Zuytdorp, also Zuiddorp (meaning 'South Village', after Zuiddorpe, an extant village in the south of Zeeland in the Netherlands, near the Belgian border) was an 18th-century trading ship of the Dutch East India Company (Vereenigde Oost-Indische Compagnie, commonly abbreviated VOC).

On 1 August 1711,[full citation needed] Zuytdorp was dispatched from the Netherlands to the trading port of Batavia (now Jakarta, Indonesia) bearing a load of freshly minted silver coins. Many trading ships travelled the Brouwer Route, using the strong Roaring Forties winds to carry them across the Indian Ocean to within sight of the west coast of Australia (then called New Holland), whence they would turn north towards Batavia.

Zuytdorp did not arrive at its destination and was never heard from again. No search was undertaken, presumably because the VOC did not know whether or where the ship wrecked or if it was taken by pirates. Previous expensive attempts were made to search for other missing ships, but these failed even when an approximate wreck location was known.

In the mid-20th century, Zuytdorp's wreck site was identified on a remote part of the Western Australian coast between Kalbarri and Shark Bay, approximately 40 kilometres (25 mi) north of the Murchison River. This section of coastline, subsequently named the Zuytdorp Cliffs, was the preserve of Aboriginal people and had been one of the last uncolonised areas until sheep stations were established there in the late 19th century. It has been speculated that survivors of the wreck may have traded with or intermarried with local Aboriginal communities between Kalbarri and Shark Bay.

There was news of an unidentified shipwreck on the shore in 1834 when Aboriginal people told a farmer near Perth about a wreck – the colonists presumed it was a recent wreck and sent rescue parties who failed to find the wreck or any survivors. In 1927, wreckage was seen by an Indigenous-European family group (including Ada and Ernest Drage, Tom and Lurleen Pepper, Charlie Mallard) on a clifftop near the border of Murchison house and Tamala Stations. Bertie and Pearl Drage, Jack Brand and Mrs Brand and two Aboriginal workers including a man named Nyarda are also understood to have been involved. Tamala Station head stockman Tom Pepper reported the find to the authorities, with their first visit to the site occurring in 1941. In 1954 Pepper gave Phillip Playford directions to the wreckage.
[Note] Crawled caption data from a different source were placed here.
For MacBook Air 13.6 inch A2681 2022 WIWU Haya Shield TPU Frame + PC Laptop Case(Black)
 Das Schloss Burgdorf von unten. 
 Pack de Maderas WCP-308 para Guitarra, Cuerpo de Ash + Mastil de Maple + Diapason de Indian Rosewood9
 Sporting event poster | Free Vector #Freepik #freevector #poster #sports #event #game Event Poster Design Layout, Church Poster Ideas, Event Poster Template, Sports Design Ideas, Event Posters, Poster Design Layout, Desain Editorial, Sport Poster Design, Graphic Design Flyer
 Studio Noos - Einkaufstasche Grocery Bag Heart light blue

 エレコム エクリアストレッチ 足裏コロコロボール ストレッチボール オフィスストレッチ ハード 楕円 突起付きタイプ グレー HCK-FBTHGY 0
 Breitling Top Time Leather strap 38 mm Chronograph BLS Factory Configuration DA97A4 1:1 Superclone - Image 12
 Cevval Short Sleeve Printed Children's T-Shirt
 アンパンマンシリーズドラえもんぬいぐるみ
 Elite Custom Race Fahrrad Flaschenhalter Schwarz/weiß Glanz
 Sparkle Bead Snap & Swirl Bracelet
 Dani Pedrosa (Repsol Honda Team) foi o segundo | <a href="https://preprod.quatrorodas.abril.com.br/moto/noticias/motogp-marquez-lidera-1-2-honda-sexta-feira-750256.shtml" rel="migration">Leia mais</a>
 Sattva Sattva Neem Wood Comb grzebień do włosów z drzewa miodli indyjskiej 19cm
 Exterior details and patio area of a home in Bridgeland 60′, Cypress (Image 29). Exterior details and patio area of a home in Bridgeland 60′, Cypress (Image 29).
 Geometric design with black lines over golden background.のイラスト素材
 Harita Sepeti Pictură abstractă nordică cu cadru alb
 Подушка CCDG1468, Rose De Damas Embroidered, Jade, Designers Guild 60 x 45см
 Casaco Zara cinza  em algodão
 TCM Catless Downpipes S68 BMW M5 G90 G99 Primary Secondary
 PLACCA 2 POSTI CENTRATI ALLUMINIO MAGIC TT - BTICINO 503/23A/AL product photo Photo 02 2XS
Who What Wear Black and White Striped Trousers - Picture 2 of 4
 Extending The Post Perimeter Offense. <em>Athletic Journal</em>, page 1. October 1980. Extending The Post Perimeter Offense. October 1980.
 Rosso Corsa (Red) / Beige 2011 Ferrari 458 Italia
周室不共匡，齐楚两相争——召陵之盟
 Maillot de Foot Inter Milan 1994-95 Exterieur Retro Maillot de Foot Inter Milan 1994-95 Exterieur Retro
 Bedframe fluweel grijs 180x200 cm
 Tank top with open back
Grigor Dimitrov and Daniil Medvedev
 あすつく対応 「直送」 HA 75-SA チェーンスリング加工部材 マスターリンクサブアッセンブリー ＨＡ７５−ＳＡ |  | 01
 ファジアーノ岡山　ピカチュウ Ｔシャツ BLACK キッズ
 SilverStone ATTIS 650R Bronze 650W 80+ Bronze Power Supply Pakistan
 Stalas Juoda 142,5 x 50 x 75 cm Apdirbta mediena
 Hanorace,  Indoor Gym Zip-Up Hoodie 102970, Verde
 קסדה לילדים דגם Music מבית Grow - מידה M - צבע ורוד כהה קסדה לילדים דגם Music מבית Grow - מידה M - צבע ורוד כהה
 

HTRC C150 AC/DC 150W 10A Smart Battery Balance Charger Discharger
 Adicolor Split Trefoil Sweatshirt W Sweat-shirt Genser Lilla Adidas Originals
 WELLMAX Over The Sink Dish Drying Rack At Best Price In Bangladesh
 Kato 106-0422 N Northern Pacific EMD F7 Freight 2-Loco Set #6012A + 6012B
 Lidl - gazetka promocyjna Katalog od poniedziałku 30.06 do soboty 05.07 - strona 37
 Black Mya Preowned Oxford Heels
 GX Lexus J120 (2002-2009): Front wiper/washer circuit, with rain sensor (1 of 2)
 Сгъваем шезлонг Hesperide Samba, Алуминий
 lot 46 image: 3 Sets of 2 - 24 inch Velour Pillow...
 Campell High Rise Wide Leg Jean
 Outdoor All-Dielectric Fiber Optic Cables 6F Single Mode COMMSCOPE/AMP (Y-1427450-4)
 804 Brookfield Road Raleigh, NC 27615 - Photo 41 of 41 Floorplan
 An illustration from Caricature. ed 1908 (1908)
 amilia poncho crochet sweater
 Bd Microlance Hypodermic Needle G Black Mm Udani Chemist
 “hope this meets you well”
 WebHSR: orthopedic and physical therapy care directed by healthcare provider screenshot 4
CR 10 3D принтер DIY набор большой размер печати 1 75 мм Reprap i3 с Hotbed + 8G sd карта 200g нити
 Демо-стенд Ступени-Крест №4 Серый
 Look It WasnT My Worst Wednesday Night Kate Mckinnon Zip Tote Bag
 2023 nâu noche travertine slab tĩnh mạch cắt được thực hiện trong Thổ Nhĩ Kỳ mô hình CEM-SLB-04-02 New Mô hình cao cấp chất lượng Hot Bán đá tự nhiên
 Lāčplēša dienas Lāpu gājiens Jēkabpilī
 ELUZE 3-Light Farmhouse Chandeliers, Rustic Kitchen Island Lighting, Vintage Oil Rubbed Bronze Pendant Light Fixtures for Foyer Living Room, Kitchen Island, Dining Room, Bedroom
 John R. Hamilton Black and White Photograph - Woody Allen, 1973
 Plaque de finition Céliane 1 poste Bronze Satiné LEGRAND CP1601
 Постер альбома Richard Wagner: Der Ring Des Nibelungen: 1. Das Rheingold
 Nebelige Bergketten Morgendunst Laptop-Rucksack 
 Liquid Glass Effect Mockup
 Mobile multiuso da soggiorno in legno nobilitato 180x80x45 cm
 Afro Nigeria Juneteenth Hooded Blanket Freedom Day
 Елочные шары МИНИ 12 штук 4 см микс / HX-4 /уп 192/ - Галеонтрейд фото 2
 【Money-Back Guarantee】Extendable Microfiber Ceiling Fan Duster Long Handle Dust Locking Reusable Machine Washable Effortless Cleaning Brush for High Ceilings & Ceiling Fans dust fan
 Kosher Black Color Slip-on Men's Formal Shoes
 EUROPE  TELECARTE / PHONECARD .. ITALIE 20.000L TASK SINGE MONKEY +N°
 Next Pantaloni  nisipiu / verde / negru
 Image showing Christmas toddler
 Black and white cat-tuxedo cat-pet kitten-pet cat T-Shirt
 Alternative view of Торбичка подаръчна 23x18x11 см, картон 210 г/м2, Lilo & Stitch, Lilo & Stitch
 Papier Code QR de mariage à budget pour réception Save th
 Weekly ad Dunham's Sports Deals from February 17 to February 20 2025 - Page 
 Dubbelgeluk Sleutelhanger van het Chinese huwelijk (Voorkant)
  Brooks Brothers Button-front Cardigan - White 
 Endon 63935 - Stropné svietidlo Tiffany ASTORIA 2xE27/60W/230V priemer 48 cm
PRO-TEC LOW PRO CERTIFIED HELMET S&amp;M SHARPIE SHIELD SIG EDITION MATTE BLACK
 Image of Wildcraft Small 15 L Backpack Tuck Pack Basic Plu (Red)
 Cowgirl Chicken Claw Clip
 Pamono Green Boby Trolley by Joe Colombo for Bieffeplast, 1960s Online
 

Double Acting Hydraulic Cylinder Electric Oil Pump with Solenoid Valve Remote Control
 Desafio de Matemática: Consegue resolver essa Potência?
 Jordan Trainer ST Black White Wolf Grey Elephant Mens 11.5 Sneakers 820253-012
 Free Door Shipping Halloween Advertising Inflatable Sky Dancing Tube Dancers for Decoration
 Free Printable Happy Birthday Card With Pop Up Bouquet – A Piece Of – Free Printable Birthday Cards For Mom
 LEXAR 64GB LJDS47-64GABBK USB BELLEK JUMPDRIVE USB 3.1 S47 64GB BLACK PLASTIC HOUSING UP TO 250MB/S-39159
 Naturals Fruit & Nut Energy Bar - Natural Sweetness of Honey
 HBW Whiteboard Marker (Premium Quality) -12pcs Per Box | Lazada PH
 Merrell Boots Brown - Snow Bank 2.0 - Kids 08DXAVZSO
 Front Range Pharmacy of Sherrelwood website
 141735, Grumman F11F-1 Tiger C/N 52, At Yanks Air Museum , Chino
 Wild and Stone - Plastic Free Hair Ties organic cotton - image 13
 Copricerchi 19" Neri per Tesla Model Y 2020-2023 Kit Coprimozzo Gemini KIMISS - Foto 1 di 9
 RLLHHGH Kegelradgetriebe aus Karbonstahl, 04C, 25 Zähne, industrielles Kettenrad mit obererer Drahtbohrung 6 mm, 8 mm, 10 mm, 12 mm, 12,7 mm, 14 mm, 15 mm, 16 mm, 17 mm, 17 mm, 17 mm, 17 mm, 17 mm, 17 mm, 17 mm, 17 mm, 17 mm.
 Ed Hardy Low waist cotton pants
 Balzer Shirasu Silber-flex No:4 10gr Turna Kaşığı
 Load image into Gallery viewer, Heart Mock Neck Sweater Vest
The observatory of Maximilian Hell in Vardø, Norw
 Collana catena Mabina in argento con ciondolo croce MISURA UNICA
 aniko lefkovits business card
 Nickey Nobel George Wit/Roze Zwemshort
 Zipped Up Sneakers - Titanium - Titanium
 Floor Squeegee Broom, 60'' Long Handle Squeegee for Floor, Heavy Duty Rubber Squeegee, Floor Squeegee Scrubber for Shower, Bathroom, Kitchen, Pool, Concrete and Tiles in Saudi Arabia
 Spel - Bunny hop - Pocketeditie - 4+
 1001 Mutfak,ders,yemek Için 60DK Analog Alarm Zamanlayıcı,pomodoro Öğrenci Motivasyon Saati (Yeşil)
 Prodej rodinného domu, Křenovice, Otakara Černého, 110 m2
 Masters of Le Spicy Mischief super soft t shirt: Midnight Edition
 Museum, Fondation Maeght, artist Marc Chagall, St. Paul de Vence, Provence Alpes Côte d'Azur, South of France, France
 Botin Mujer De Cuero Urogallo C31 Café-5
Playford identified the relics as from Zuytdorp.

The first dive in May 1964 and the sighting of a massive silver deposit in 1967 resulted in successful salvage attempts by teams led by Tom Brady of Geraldton, and Perth-based Alan Robinson who utilised the services of Clive Daw (who had visited the site by land on other occasions) in order to facilitate his work.

Harry Bingham and his chief diver Geoff Kimpton were successful in recovering silver and other materials in 1971, as was a team led by Jeremy Green in 1976 and on other occasions. On his successful dives Green noted that looting had occurred just prior to his visit and a watchkeeper was installed in a caravan near the wreck. The Museum's salvage work ceased in 1981 due to the perceived dangers of working the site, near accidents while using the bush airstrip and the burning of the caravan. Thereafter a watch-keeper was appointed to guard the site.

The site, one of the few restricted zones under the Commonwealth Historic Shipwrecks Act 1976 and Underwater Cultural Heritage Act 2018, required a permit to visit and was under regular surveillance. A permit is still required.